━━━ Records provided

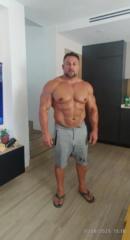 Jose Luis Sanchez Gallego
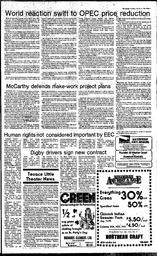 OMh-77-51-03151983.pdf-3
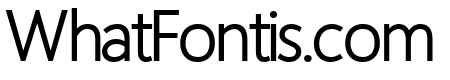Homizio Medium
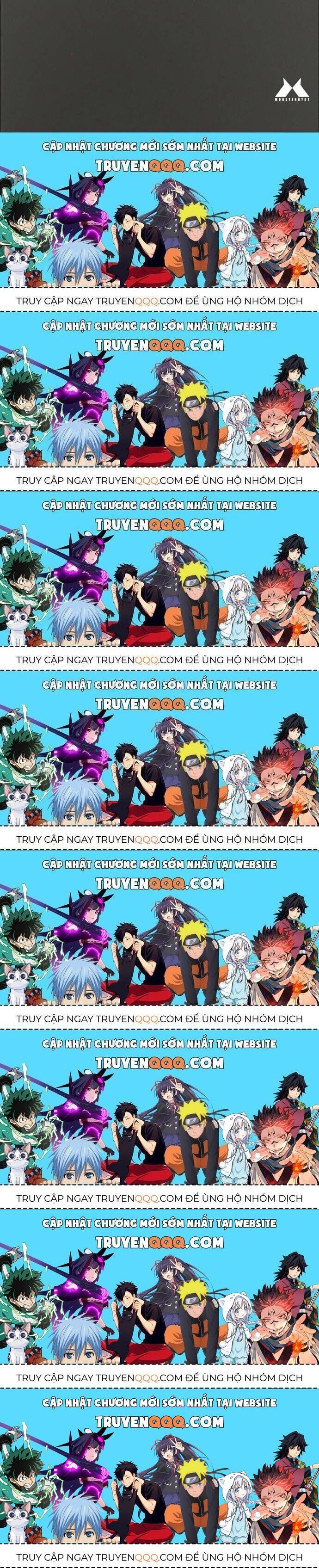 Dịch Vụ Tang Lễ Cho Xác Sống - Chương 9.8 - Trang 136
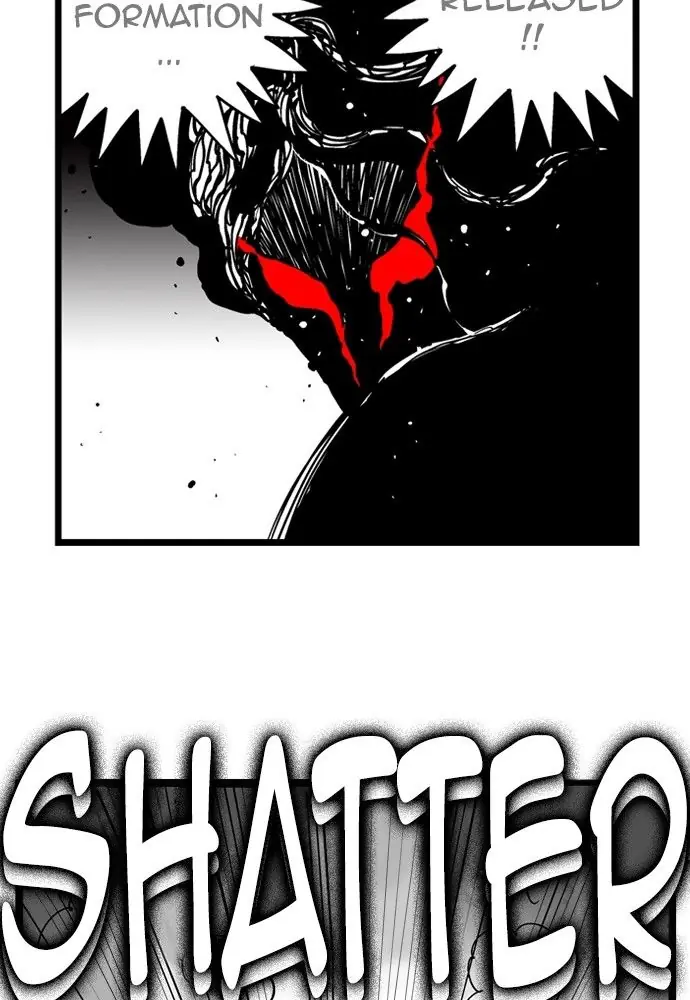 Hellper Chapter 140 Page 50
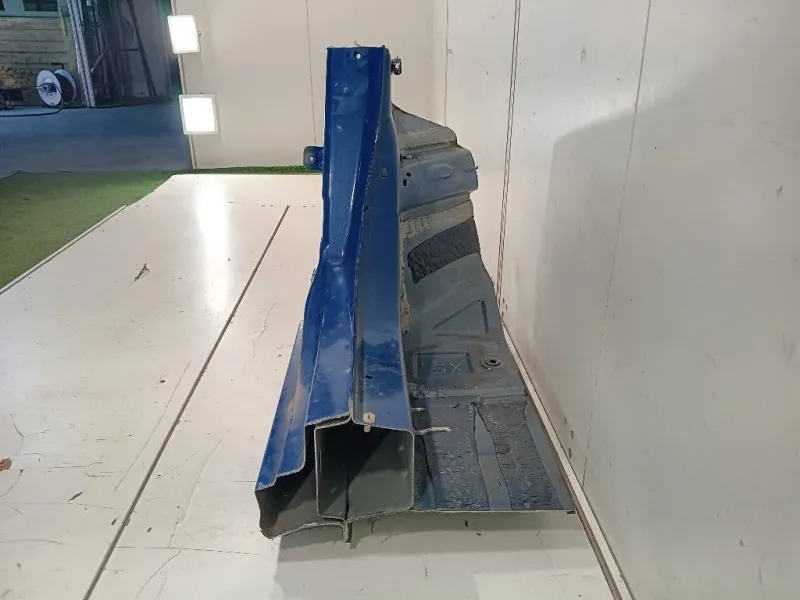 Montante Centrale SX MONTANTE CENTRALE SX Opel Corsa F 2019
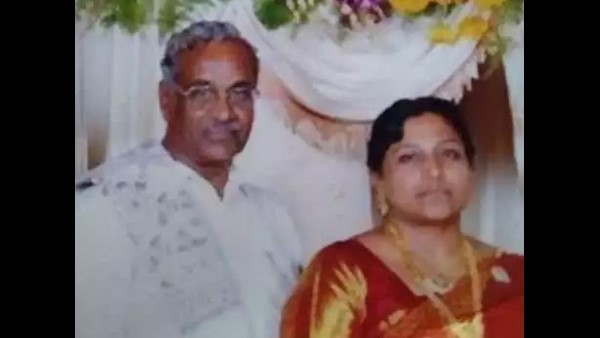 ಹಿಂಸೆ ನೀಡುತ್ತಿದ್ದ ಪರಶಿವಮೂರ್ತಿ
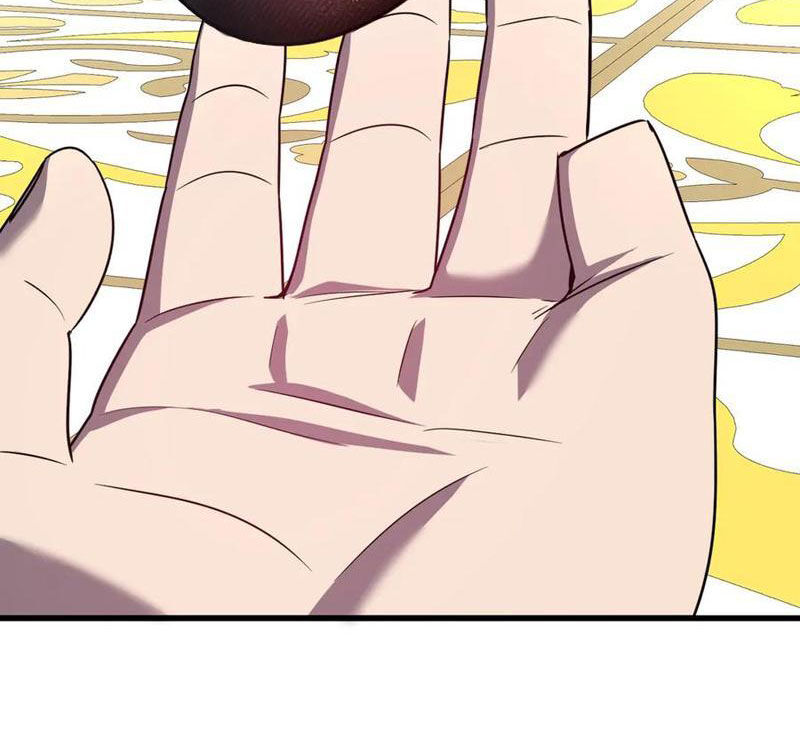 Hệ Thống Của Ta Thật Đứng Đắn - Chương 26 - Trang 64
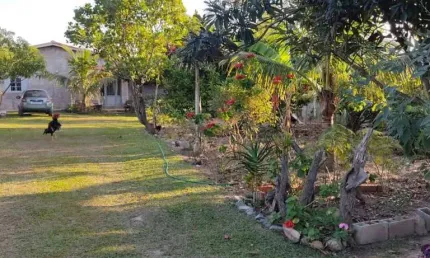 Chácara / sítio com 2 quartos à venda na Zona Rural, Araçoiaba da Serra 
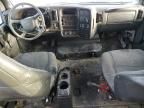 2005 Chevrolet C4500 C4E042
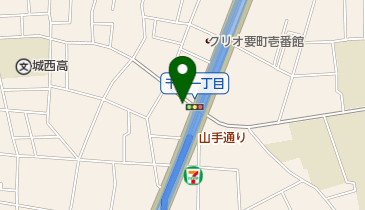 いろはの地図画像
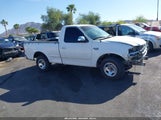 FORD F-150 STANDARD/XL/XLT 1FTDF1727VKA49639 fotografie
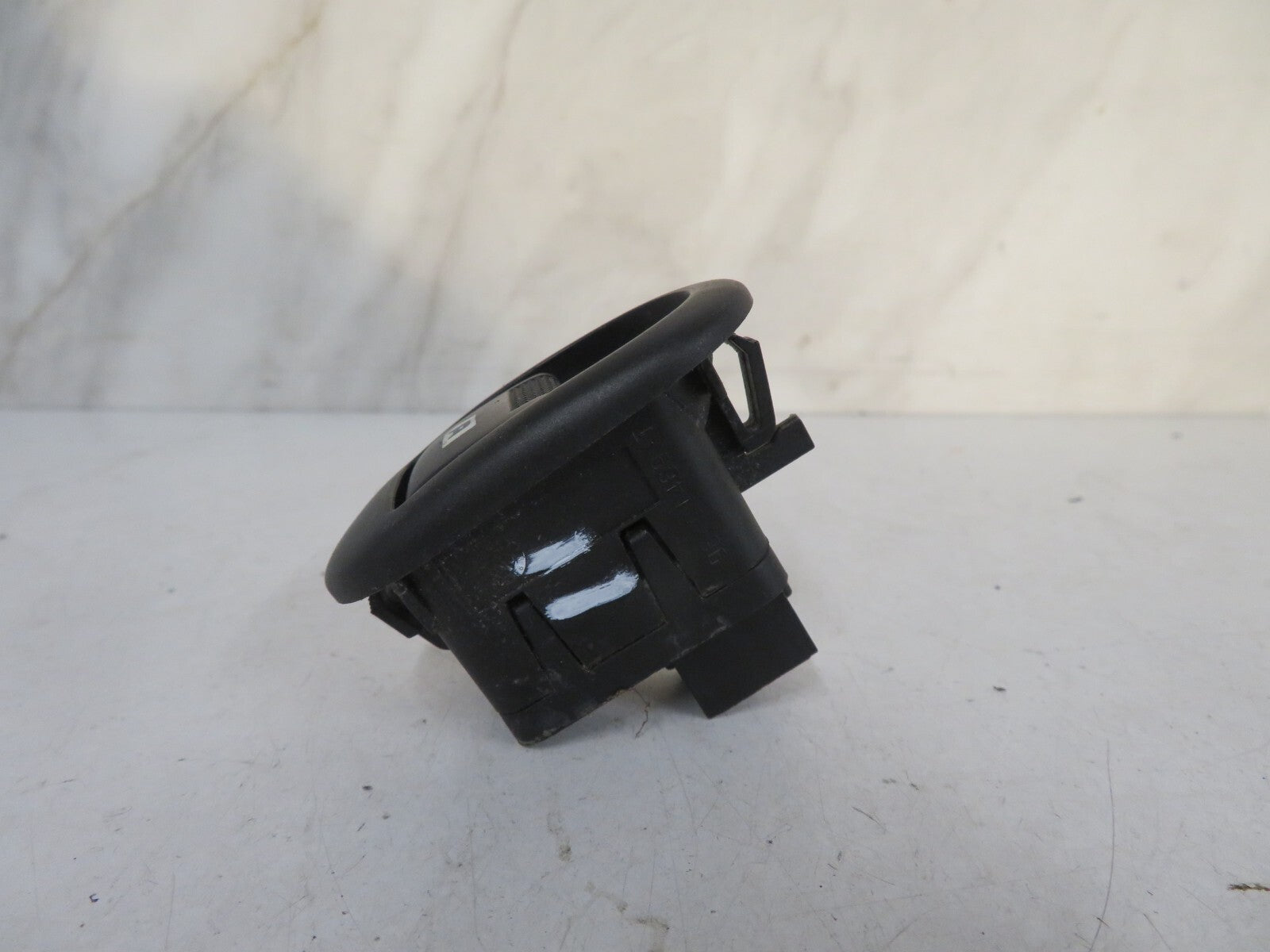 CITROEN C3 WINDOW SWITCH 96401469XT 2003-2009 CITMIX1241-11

━━━━━━

• **What you need to do**: Restate word for word the lines beginning with the one that contains "OMh-77-51-03151983.pdf-3" and ending with the last line of the listing; pictures stay out.

• **Completed task**:
 OMh-77-51-03151983.pdf-3
Homizio Medium
 Dịch Vụ Tang Lễ Cho Xác Sống - Chương 9.8 - Trang 136
 Hellper Chapter 140 Page 50
 Montante Centrale SX MONTANTE CENTRALE SX Opel Corsa F 2019
 ಹಿಂಸೆ ನೀಡುತ್ತಿದ್ದ ಪರಶಿವಮೂರ್ತಿ
 Hệ Thống Của Ta Thật Đứng Đắn - Chương 26 - Trang 64
 Chácara / sítio com 2 quartos à venda na Zona Rural, Araçoiaba da Serra 
 2005 Chevrolet C4500 C4E042
 いろはの地図画像
 FORD F-150 STANDARD/XL/XLT 1FTDF1727VKA49639 fotografie
 CITROEN C3 WINDOW SWITCH 96401469XT 2003-2009 CITMIX1241-11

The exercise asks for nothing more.